In April 2015, the FASB issued ASU No. 2015-03 “Interest - Imputation of Interest (Subtopic 835-30) – Simplifying the Presentation of Debt Issuance Costs” (“ASU 2015-03”), which is effective for the fiscal years beginning after December 15, 2015. ASU 2015-03 simplifies financial reporting by eliminating the different presentation requirements for debt issuance costs and debt discounts or premiums. The adoption of this standard, which will be applied retrospectively, is not expected to have a material impact on the Company’s results of operations.

In July 2015, the FASB issued ASU No. 2015-11 “Simplifying the Measurement of Inventory” (“ASU 2015-11”), which is effective for the fiscal years beginning after December 15, 2016. ASU 2015-11 requires entities to measure inventory at the lower of cost or net realizable value. Net realizable value is defined as the estimated selling prices in the ordinary course of business, less reasonably predictable costs of completion, disposal and transportation. The adoption of this standard, which will be applied prospectively, is not expected to have a material impact on the Company’s consolidated financial statements.

In September 2015, the FASB issued ASU No. 2015-16 “Simplifying the Accounting for Measurement - Period Adjustments” (“ASU 2015-16”), which is effective for the fiscal years beginning after December 15, 2015. ASU 2015-16 requires an entity to recognize measurement period adjustments from a business combination within the reporting period in which the adjustment amounts are determined. The cumulative impact of measurement period adjustments on current and prior periods, including the prior period impact on depreciation, amortization, and other income statement items and their related tax effects, will be required to be recognized in the period the adjustment amount is determined. The adoption of this standard, which will be applied prospectively, is not expected to have a material impact on the Company’s consolidated financial statements.

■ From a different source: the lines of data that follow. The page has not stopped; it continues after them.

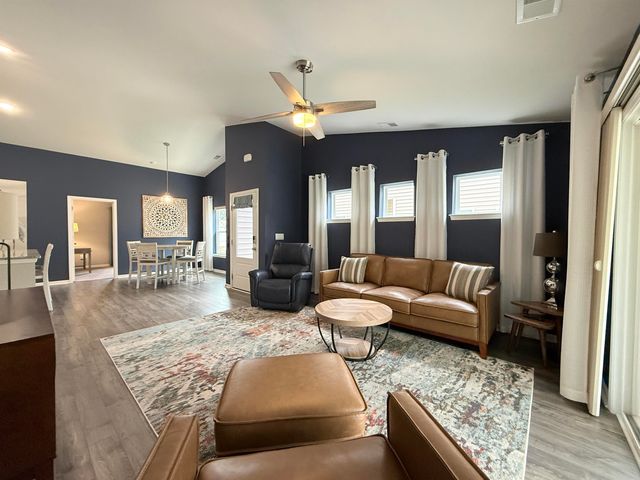 1540 Jardine Loop, Little River, SC 29566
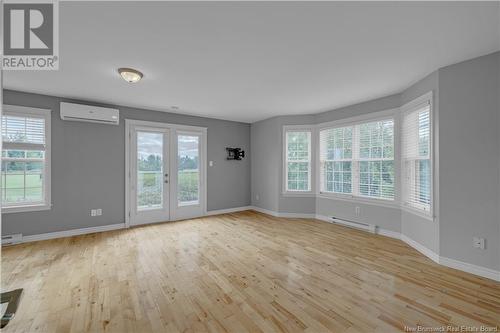 142 Royal Oaks Boulevard, Moncton, NB - Indoor Photo Showing Other Room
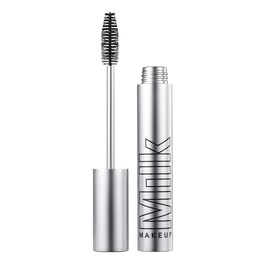 Kush - High Volume Mascara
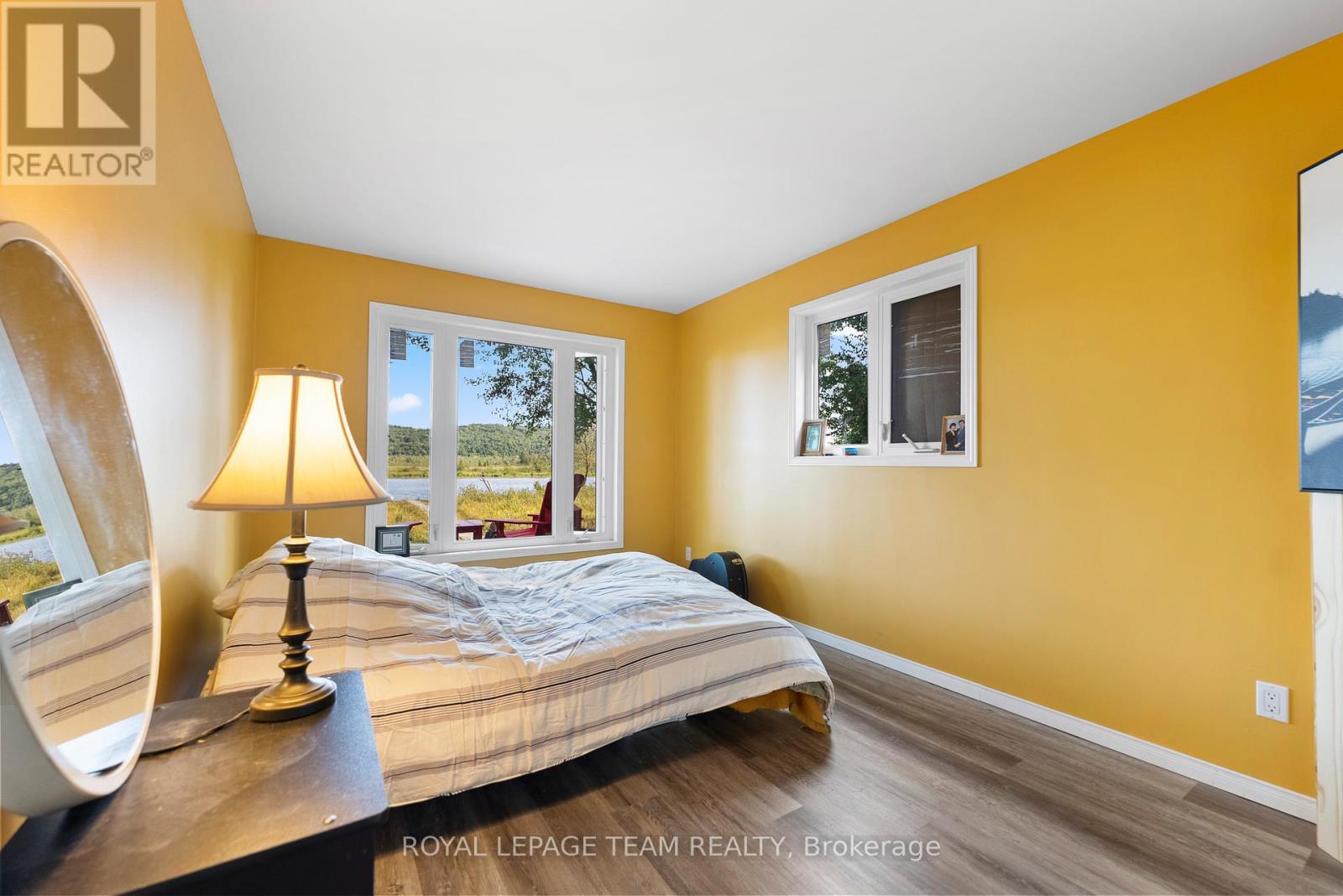 1274 LOWER CRAIGMONT ROAD - Image 20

In November 2015, the FASB issued ASU No. 2015-17 “Balance Sheet Classification of Deferred Taxes” (“ASU 2015-17”), which is effective for the fiscal years beginning after December 15, 2016. ASU 2015-17 requires an entity to classify all deferred tax assets, along with any valuation allowance, as noncurrent on the balance sheet. As a result, each jurisdiction will have one net noncurrent deferred tax asset or liability.  The adoption of this standard, which may be applied either prospectively or retrospectively, is not expected to have a material impact on the Company’s consolidated financial statements.

In February 2016, the FASB issued ASU No. 2016-02 “Leases (Topic 842)” (“ASU 2016-02”), which is effective for the fiscal years beginning after December 15, 2018. ASU 2016-02 requires an entity to recognize assets and liabilities arising from a lease for both financing and operating leases, along with additional qualitative and quantitative disclosures. Early adoption is permitted. The Company is in the process of evaluating the effect that ASU 2016-02 will have on its consolidated financial statements and related disclosures, if any.